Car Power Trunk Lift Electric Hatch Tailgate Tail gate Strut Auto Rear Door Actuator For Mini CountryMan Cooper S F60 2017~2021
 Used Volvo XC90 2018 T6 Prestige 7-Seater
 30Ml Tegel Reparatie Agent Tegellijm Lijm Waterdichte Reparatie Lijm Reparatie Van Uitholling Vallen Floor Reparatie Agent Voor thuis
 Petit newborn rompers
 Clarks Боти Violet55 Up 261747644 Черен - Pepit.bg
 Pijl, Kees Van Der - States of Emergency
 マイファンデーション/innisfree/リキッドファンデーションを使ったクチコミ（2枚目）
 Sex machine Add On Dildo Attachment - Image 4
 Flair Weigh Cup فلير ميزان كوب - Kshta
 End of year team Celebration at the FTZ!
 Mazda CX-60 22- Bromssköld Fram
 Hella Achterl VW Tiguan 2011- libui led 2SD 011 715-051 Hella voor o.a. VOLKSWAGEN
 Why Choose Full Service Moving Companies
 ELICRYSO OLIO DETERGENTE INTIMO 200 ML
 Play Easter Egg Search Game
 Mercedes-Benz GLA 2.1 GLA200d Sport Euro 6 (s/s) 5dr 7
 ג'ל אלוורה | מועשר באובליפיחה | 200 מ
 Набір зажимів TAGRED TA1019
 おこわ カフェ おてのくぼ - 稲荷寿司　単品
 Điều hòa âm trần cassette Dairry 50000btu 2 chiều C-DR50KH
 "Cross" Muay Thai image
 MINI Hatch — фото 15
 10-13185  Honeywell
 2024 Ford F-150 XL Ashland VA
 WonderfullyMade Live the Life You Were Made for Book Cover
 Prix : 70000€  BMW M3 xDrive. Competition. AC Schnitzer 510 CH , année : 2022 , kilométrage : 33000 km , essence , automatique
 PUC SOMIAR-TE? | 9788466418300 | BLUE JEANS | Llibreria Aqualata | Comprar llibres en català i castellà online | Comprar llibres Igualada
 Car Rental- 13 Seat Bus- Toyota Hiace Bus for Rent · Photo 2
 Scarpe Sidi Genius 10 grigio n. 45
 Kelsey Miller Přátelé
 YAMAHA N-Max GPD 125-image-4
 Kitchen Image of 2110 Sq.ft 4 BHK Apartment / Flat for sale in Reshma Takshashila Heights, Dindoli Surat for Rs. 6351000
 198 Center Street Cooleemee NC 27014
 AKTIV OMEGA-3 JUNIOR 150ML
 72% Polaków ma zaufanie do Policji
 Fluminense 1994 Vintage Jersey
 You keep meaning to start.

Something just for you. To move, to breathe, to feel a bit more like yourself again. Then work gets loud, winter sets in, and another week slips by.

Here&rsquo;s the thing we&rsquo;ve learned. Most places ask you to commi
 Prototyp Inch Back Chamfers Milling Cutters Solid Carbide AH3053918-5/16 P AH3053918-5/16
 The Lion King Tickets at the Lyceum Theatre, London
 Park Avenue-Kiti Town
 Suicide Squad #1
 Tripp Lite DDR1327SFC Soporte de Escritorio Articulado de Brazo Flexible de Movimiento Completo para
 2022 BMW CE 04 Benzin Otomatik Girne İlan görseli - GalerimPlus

========================

→ Task directions
Report the number of lines in the listing where the string "Hatch" appears, and nothing besides.

→ Task solution
2